Model settings

The user enters the model wizard when a PCA, PLS or PLS-DA model is to be created. In the first step the user selects the model type. In the second step, shown below, the user can alter a number of model settings. The user can choose to click "Finish" without altering the settings.

PCA model settings:

- Model name: Enter the name for the created model.

- DataSet: The name of the used Dataset.

- Components: the number of components can be changed from [AUTO] to a specific number. AUTO implies that Evince uses cross-validation for automatic detection of the optimal number of components. Sometimes, e.g. when dealing with very large data sets, the cross-validation procedure is rather time-consuming and especially so if a large number of components need to be calculated. The number of components can in these cases be lowered for improved performance. Cross-validation is disabled by default for image data and three principal components are calculated.

- Category Models: Changing the default setting to one of the Categories will create a model for each class of the selected category.


- Cross-validation, Options for "Exclusion by" combo-box:

None: Disables cross-validation. Turning off the cross-validation is useful for very large DataSets and improves calculation speed. Image data uses this setting by default.

Evenly spread: Excludes objects that are evenly spread in the diagonal direction of the DataSet.

Group: Divides the DataSet in a number of continuous groups in the diagonal direction of the DataSet.

Category: Excludes one class at-a-time for the selected category. This exclusion method could be used when similarity between the objects within each class causes the cross-validation results to become too positive. Excluding one sub-class at-a-time will negate the effect of always having a similar object in the training set. The selection of the number of cross-validation rounds is disabled when exclusion by "class" is the active method.

Random: Randomly excludes objects.

- Cross-validation, Rounds: The user can give the number of cross-validation rounds, which is "7" by default.

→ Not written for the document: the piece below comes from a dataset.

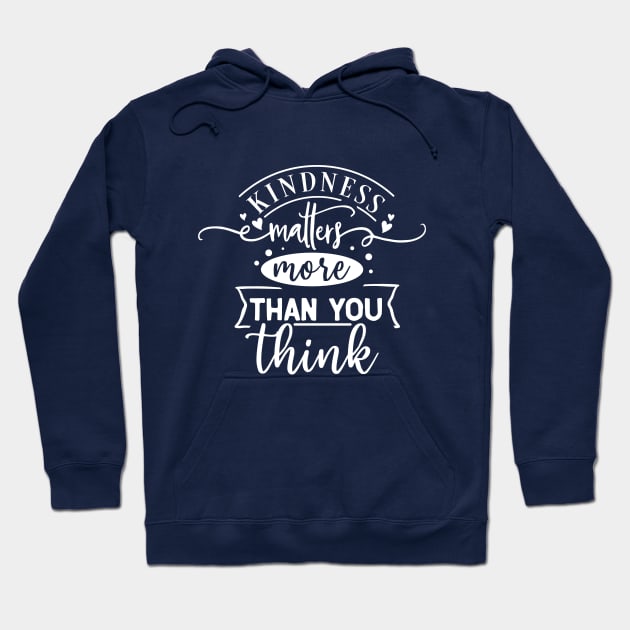 Kindness Matters Hoodie by MonarchGraphics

With an increased number of rounds, the number of excluded objects in each round is decreased.

- Cross-validation, Category: The user must give the name of the Category if "category" is chosen in the "Exclusion by" combo-box.

- Calculate Confidence Intervals: This will use the results from each cross-validation round to calculate confidence intervals (1. Efron B et al.) for the model statistics.

- Template: Chooses a template for automatic plot generation. Two templates are available, "Standard" and "Standard Image". The "Standard" template will generate model collection plots. The "Standard Image" template will generate image model collection plots.

 

PLS model (specific) settings:

- PLS Model type: If the default setting (Multi Y PLS) is chosen, Evince will calculate one PLS model for all included Y variables. If instead the other setting (Single Y PLS) is chosen, Evince will calculate one PLS model for each of the Y variables.

- Cross-validation Type; Partial, Full: Sets the cross-validation to be either "Partial" or "Full". Partial cross-validation is only component-wise, while full cross-validation implies that a full model is calculated for every cross-validation round.

 

PLS-DA model (specific) settings:

- Set Y from: Chooses the Y variables for the PLS-DA model. The user can choose a class or use all selected Y-variables. The selected Y-variables are shown at the bottom of the DataSet when viewing the variables.

- Set equal class size: Sets equal number of observations for all classes. PLS-DA modeling may fail if class sizes are uneven.


References


1. Efron, B., and Gong, G., (1983), A Leisurely Look at the Bootstrap, the Jack-knife, and Cross-validation, American Statistician, 37, 36-48.